A wave of technology gives an efficient outlook to the financial service industry, making it secure and affordable. However, many more innovations are still not adopted or utilized by the financial sector. Furthermore, despite all the advancements in financial services, a large portion of the sector still has challenges implementing such advancements in its core business offering.

Financial innovation improves institutions’ ability to sustain themselves and reach out to the underprivileged. As a result, the development of financial markets and the IT sector are closely interconnected. Specifically, they share a positive correlation.

There are two distinct eras in the financial sector’s recent history. The first, from the 1940s to the 1970s, is characterized by strong control, interventionism, and stability. The second phase, which started in the 1970s and continued until the subprime mortgage crisis started in 2007, was a period of deregulation and increasing volatility. As witnessed during the crises in the United States and Japan, the heightened instability in the second period has its roots in this liberalization coupled with a completely inadequate regulatory structure. In addition, multiple innovations in payment methods such as credit and debit cards, transaction processing machines: ATMs, telephone and online banking, automated credit scoring, and risk management strategies were introduced during the second period-derivatives and secularization.

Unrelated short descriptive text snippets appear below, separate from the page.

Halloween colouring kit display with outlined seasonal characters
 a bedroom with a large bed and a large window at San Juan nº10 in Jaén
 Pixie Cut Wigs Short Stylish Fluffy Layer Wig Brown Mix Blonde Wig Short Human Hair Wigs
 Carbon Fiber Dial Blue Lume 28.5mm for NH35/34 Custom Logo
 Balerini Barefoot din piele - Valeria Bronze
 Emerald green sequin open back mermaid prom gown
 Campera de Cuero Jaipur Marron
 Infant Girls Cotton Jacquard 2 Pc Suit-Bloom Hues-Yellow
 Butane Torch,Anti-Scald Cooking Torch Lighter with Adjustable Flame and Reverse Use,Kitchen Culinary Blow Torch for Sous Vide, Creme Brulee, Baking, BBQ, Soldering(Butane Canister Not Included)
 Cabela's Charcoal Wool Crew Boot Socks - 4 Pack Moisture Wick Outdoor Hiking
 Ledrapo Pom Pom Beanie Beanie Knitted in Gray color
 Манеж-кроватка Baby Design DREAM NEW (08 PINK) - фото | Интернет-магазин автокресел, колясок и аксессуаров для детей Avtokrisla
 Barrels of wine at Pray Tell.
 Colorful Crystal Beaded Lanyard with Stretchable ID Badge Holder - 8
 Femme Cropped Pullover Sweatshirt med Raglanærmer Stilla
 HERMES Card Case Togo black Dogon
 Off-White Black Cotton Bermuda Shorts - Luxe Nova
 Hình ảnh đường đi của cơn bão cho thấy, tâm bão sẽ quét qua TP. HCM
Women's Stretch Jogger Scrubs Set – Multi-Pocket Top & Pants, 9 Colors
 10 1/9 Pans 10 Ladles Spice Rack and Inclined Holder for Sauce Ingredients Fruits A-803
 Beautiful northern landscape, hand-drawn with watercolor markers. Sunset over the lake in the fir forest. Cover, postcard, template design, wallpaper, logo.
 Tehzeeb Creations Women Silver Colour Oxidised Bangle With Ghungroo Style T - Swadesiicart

There are different types of financial innovations discussed below:

  • Process Innovations: Innovative financial business processes give clients better services and boost the effectiveness of business operations. These innovations include new company procedures that boost productivity and open up new markets, among others. The simplest example is the online banking facility.
  • Financial Institutional Innovations: The advancement of the financial system, which is a prerequisite for economic growth, depends on innovation. Examples include the establishment of a new organization providing innovative practices or services. However, creating a regulatory framework that promotes innovation, globalization, and the growth of the financial sector while maintaining a fair balance between private and social incentives is challenging.
  • Product Innovations: It introduces financial innovation products or instruments such as weather derivatives and family wealth accounts. Product innovations are released to better adapt to the changing consumer demand or to increase efficiency.



There are various causes of financial innovations, such as:

  • Technological advancements and payment system innovations.
  • Competition
  • Financial globalization
  • Market failures, financial insecurity, domino effects, potentially high systemic risks, etc., trigger the need for innovation initiatives.


Many traditional banks are reinventing their business models to incorporate diverse digital channels, digitized financial services, and digital communications opportunities. The main purpose is to provide better service to customers and compete with venture-backed disruptors. It is challenging to accomplish, though, as most traditional banks follow the brick-and-mortar model and hold the disadvantage of having infrastructure not fit for the modern world.



Let us look at the financial innovation examples to understand the concept better: 

Example #1

One of the biggest financial innovation examples in the world is PayPal. In addition to adding more partners, PayPal is also aiming at aging financial infrastructures due to its significant market share, making it a popular option for businesses looking to expand their online and contactless payment options. However, throughout COVID-19, PayPal has shown that it is a rapidly advancing fintech, providing several options like buy now, pay later (BNPL) financing and PPP money distribution, which place the company as a formidable rival to conventional banks.

Example #2

M-Pesa has evolved to be the biggest payment system in Africa. The banked and unbanked people of Kenya, who reside in rural regions, can deposit, transfer, and withdraw money and use their mobile phones to make purchases thanks to this platform. In addition, users can store money in an account that can be accessed via text message with a PIN using this branchless banking service.